• Expert Rev Gastroenterol Hepatol · May 2019

    Review

    An update on cirrhotic cardiomyopathy.

    • Søren Møller, Karen V Danielsen, Signe Wiese, Jens D Hove, and Flemming Bendtsen.
    • a Department of Clinical Physiology and Nuclear Medicine, Center for Functional and Diagnostic Imaging and Research, Hvidovre Hospital , University of Copenhagen , Hvidovre , Denmark.
    • Expert Rev Gastroenterol Hepatol. 2019 May 1; 13 (5): 497-505.

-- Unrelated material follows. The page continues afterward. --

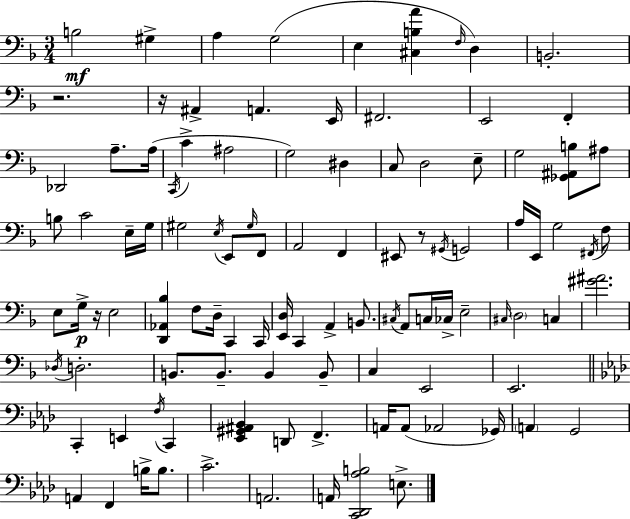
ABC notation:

    IntroductionCirrhosis with portal hypertension and related complications are associated with a high mortality. Excess of circulating vasodilators and cardiodepressive substances lead to a hyperdynamic circulation with changed myocardial structure and function. The entity cirrhotic cardiomyopathy seems to be involved in different aspects of hepatic decompensation, which focuses on new targets of treatment. Areas covered: This review deals with contemporary aspects of cirrhotic cardiomyopathy, and the literature search was undertaken by PubMed with 'cirrhotic' and 'cardiomyopathies' as MeSH Terms. Cirrhotic cardiomyopathy is defined as the presence of systolic and diastolic dysfunction and electrophysiological abnormalities. The diagnosis is based on contemporary Doppler/Echocardiography measurements or quantitative magnetic resonance imaging. Cirrhotic cardiomyopathy is independent of the etiology of the liver disease but related to severity and survival. Expert commentary: The outcome of invasive procedures and liver transplantation is influenced by the presence of cardiac dysfunction. Therefore, a cautious cardiac evaluation should be included in the patient evaluation prior to liver transplantation. Liver transplantation ameliorates most of the abnormalities seen in cirrhotic cardiomyopathy, but no specific treatment can yet be recommended.